OpenAI has recently launched its “Strawberry” AI model family, which includes the models o1-preview and o1-mini. These models are designed to demonstrate enhanced reasoning abilities. Unlike previous models such as GPT-4o, the o1 models undergo a step-by-step problem-solving process prior to generating an answer. While users have the option to see a summarized chain-of-thought in the ChatGPT interface, the raw reasoning process is concealed and replaced by a filtered interpretation generated by another AI model.
Efforts to reveal the raw chain of thought have emerged among hackers and red-teamers, employing tactics such as jailbreaking and prompt injection.

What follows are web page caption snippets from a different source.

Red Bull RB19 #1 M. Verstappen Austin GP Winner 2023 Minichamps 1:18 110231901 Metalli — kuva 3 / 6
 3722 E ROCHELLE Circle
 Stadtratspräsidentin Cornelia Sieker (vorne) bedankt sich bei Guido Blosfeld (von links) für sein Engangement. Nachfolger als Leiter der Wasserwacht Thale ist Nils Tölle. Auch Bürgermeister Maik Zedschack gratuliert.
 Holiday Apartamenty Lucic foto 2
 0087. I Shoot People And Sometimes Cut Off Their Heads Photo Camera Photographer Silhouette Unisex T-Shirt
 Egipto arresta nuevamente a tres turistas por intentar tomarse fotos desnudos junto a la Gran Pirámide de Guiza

Despite some preliminary reports of success, no definitive breakthrough has been confirmed. OpenAI has been closely monitoring these activities and has taken a stern approach by issuing warnings and potential bans to users attempting to probe the o1 model’s internal processes.
Reports from users indicate that even mentioning terms like “reasoning trace” during interaction with the o1 model can trigger warning emails from OpenAI. The emails state that specific user requests have been flagged for attempting to bypass safety measures and that continued violations could lead to loss of access to the models.
Marco Figueroa, who manages Mozilla’s GenAI bug bounty programs, reported receiving a warning email from OpenAI after his attempts to explore the model through red-teaming safety research. He expressed concerns that such restrictions hinder constructive examination and testing of the models.
According to a post on OpenAI’s blog titled “Learning to Reason With LLMs,” the company believes that hidden chains of thought provide a valuable opportunity to monitor and understand the AI model’s reasoning process. OpenAI argues that for the model’s internal thought processes to remain unfiltered and useful, they must not be subjected to policy compliance or user preferences. However, the company also acknowledges that making these unaligned chains of thought visible to users may not serve their best commercial interests.